When we enter this world we really come here to learn. Learn to love and learn to love unconditionally. You need to learn how to communicate, forgive and trust in order to really love unconditionally. It can take an entire lifetime to learn but those are your keys to freedom. Mind, body and soul freedom. When you learn to release the negative thoughts about hurts then you heal your mind. When you learn to release emotions from hurts then your body will function better. When you open your heart and offer forgiveness, listen to another and begin to trust then you have healed your soul and set yourself free.

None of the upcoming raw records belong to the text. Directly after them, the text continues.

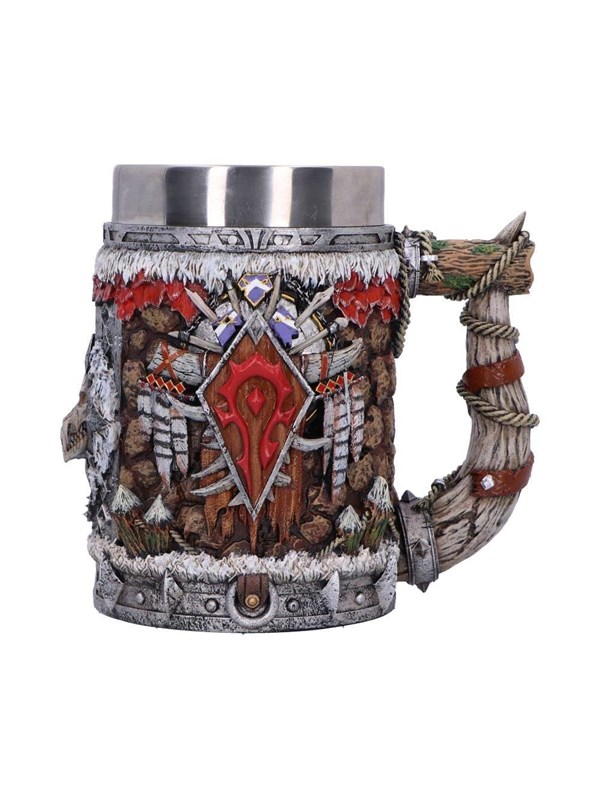 Nemesis Now - World of Warcraft - Horde Tankard - Figur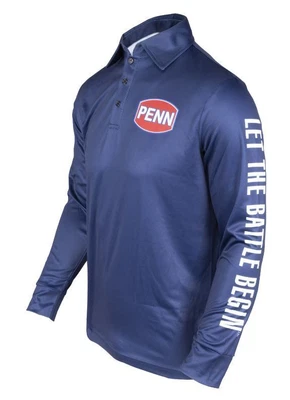 $49.99 • Buy Penn Pro Long Sleeve Fishing Jersey Shirt UPF50+ @ Otto's TW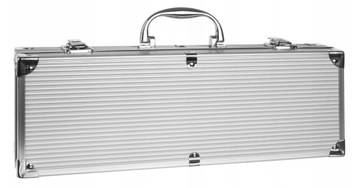 БЕСПЛАТНЫЙ РОЗЫГРЫШ# Набор принадлежностей для барбекю и чемодан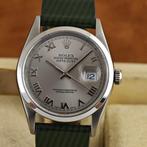 Rolex - Datejust 36 Quickset Date Sapphire Glass - Zonder, Handtassen en Accessoires, Nieuw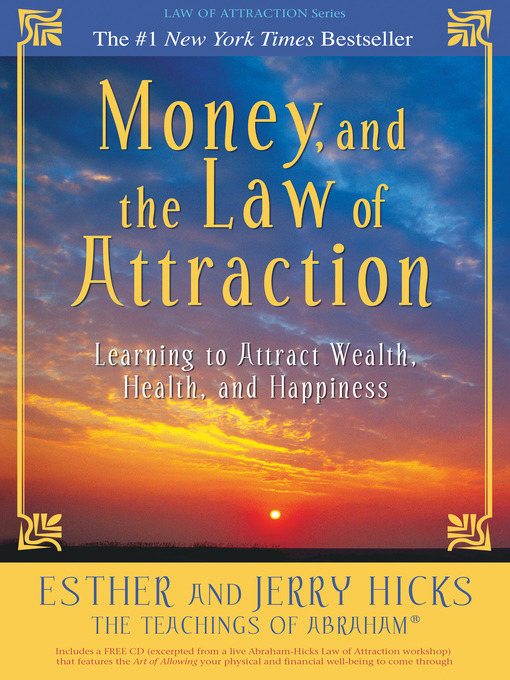 Title details for Money, and the Law of Attraction by Esther Hicks - Wait list
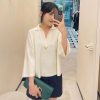 高品質♪♪♪ルイヴィトン Vネックシャツ コピー vum59191 - 画像 (7)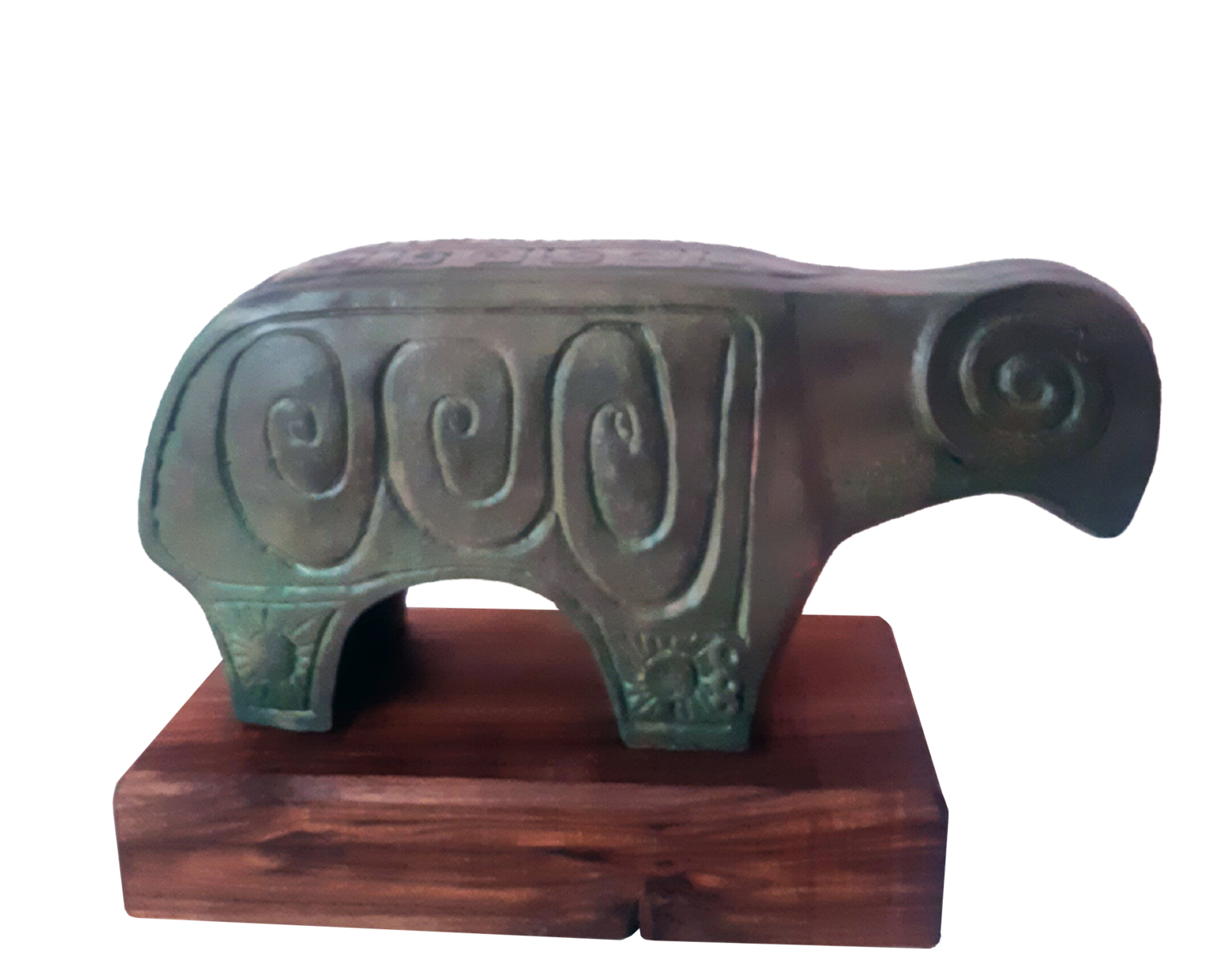 Aries Zakir Ahmedov Sculpture for sale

There are traumas in life. There are so many painful moments that happen so we learn how to cope and pick ourselves up so we can continue on this journey. Life is not easy but life can be a little easier if we don’t hold the cords so tight. It’s a choice to either suffocate yourself by blocking peace or allow yourself to breathe by letting go and loosening the knots. No matter how badly something or someone hurt you there is always a chance to heal. The opportunity is always present but YOU must make the decision to heal.

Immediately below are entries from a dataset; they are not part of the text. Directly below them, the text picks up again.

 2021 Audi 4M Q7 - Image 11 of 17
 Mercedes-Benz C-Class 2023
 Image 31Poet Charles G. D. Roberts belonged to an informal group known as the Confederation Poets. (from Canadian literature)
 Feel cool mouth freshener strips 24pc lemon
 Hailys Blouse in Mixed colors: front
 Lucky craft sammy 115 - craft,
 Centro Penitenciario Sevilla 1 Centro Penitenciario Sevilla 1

So try to begin the process of trusting again. There are plenty of people who will never hurt you so do try to avoid being too stubborn with your trust. Cautious is acceptable but stubborn can block good things and people from entering your life. Try to forgive those who have hurt you and when it’s time to trust them again make some small steps towards clearing the cords. There is a life line that connects us all and they only thing that keeps that line clear is love. Love is freedom. Love heals everything. It’s when you are able to open your heart and allow love in, your soul finds peace and helps you untangle the cords.

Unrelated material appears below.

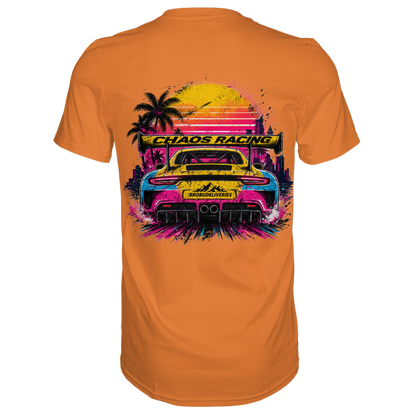 Chaos Racing 04  - Unisex Essential Premium Shirt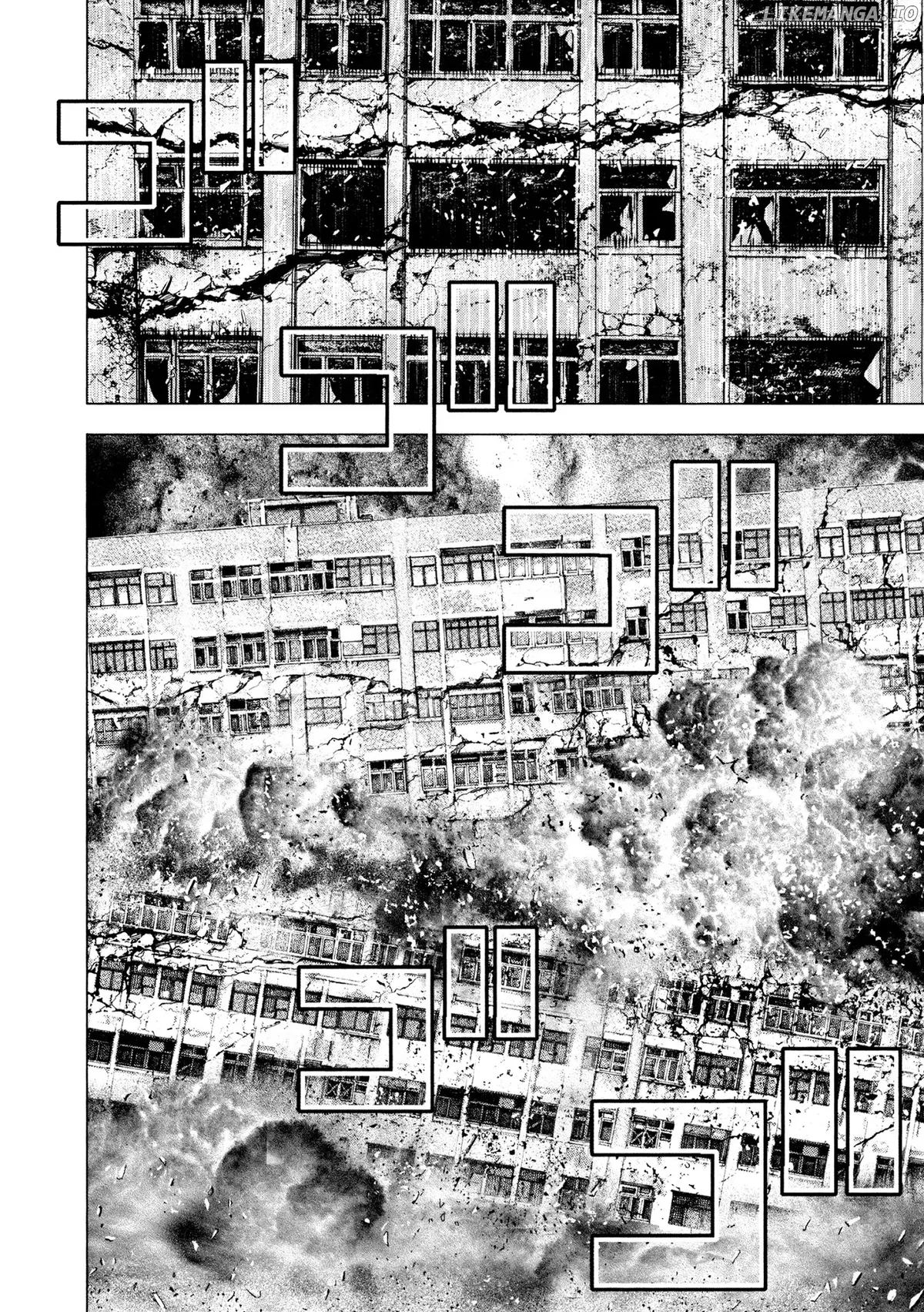 ZIGA  Manga Chapter 8 page 5 -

I asked my kids to pick the cards.
Breathe- it’s crazy how the card always fit too. It’s a sign guiding you to the direction that will be most beneficial for your life. Tangled cords are suffocating so it’s best to release them.
Leadership- I feel this one is telling you that it needs to be YOU who takes the step towards healing the relationship. Go inward for a little bit and see if you are holding a grudge or being a bit too stubborn. Be honest with yourself because it’s about freeing yourself from unnecessary pain.
Love Yourself- a message to let love in and allow yourself to feel peace on a soul level so life can be less painful.
Send Love- telling you to bring the energy of love into any strained relationship. It’s opening the door to healing and once you open the door those who are connected with begin to feel the freedom as the tangled cords clear. It’s a matter of wishing peace for yourself and another rather than being the reason for their pain and suffering in life. The heart never wants to hurt anyone. The ego causes the hurt. Try to see beyond another’s ego and it makes sending love a lot easier.